第53回(2022年度)日本看護学会学術集会 幕張

講演情報

ポスター

ポスター7群 新型コロナウイルス感染症下の看護~看護職の心理②~

2022年11月8日(火) 14:00 〜 15:00 ポスター会場 (国際展示場)

座長:佐竹 孝文

[ポスターM-7-3] 新型コロナウイルス感染症患者および一般診療患者対応病院における看護師の患者受け入れに対する心境の変化に影響を与えた要因

渡辺 静美, 斎藤 しのぶ, 市川 奈津子, 津國 幸恵, 小磯 雅美 (東京都立多摩南部地域病院)

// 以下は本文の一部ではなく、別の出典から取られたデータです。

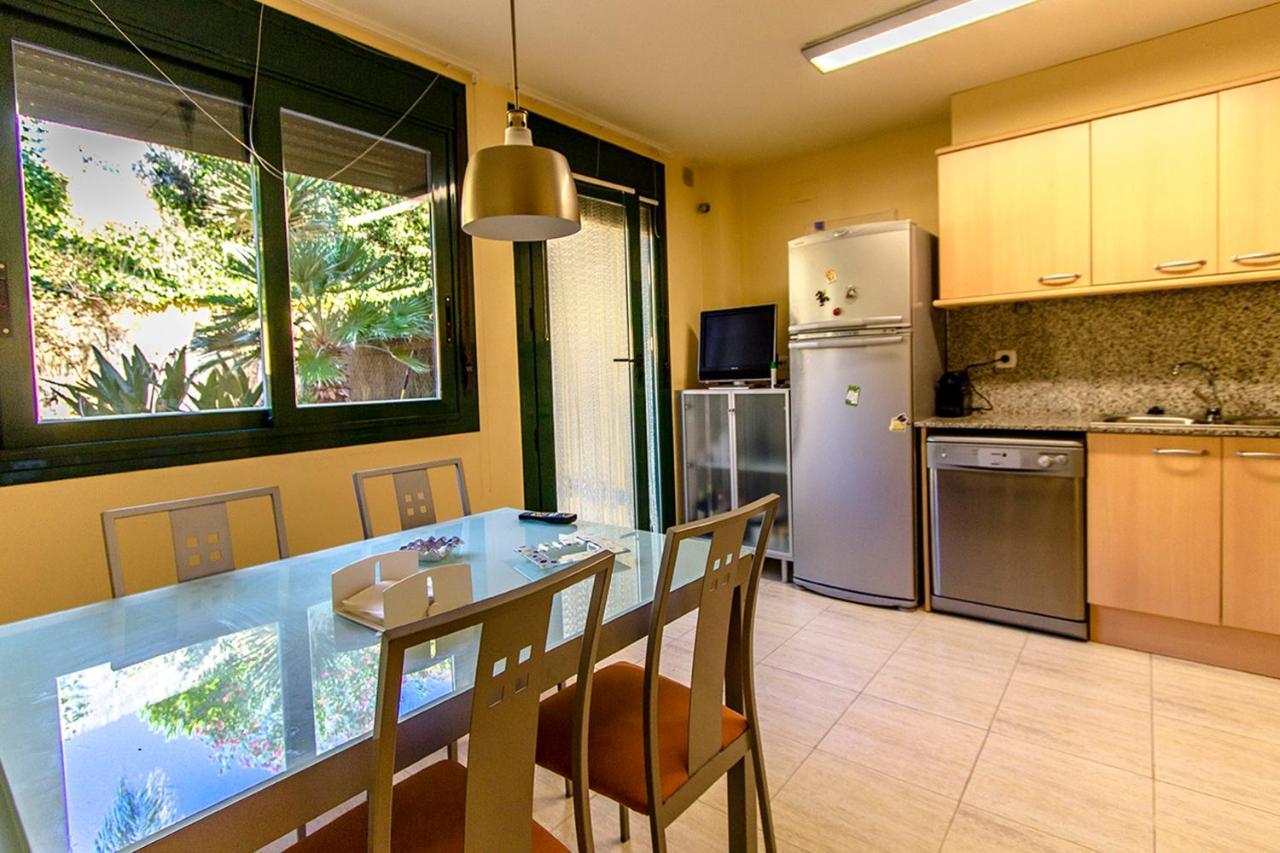3 Bedrooms House At 500 M Away From The With Shared Pool Enclosed Garden And Wifi Сasa de vacaciones Tarragona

キーワード:COVID-19 対応、心境の変化、危機的状況下、内発的動機づけ

【抄録】
【目的】COVID-19 患者対応開始から現在までの心境の変化に影響を与えた要因を明らかにする。【方法】研究デザインは因子探索研究。研究に同意を得られたA 病院の看護師39名に対し、2 ~ 4 名を1 グループとし半構造的面接を実施した。面接内容を録音し逐語録を作成しコード化、サブカテゴリー化、カテゴリー化を行った。A 病院倫理委員会の承認を得た。【結果】インタビュー参加者数39 名。受け入れ当初の心境は129 個のコード、29 個のサブカテゴリー、5 個の上位カテゴリー「恐怖」「不安」「疲労感・困難感」「覚悟とあきらめ」「行動制限による負担感」を抽出した。現在の心境は79 個のコード、12 個のサブカテゴリー、4 個の上位カテゴリー「スキルアップできた」「安心感」「変化なし」「日常に対する気づき」を抽出した。変化に影響を与えた要因は、211 個のコード、26 個のサブカテゴリー、6個の上位カテゴリー「看護師としての誇り」「慣れ」「互いに支えあう気持ち」「周囲の人からの支援」「社会からの影響」「病院としての体制整備」を抽出した。【考察】変化に影響を与えた要因は、内的要因として「看護師としての誇り」「慣れ」「互いに支えあう気持ち」、外的要因として「社会からの影響」「周囲の人からの支援」「病院としての体制整備」に分類された。内的要因である「看護師としての誇り」は、看護職を選択した動機や背景は様々であっても、看護師の使命を果たしている実感が「看護師としての誇り」として認識されたと考える。経験を重ねることで業務に「慣れ」、更に「互いを支えあう気持ち」が醸成されたと考える。目標に向かって行動を立ち上げ、方向づけ、支える力は、やる気(動機づけ)であり、「看護師としての誇り」「慣れ」「互いに支えあう気持ち」が内発的動機づけとしてあげられる。太田らは、内発的な動機づけとは、自分の内側から起こるやる気であり、『自律性』『有能感』『関係性』であると述べており、「スキルアップできた」という現在の心境に影響したと考える。外的要因である「病院としての体制整備」や「周囲の人からの支援」は「安心感」に繫がり、内的・外的要因共に危機的状況下にある看護師に影響を与えていたと考える。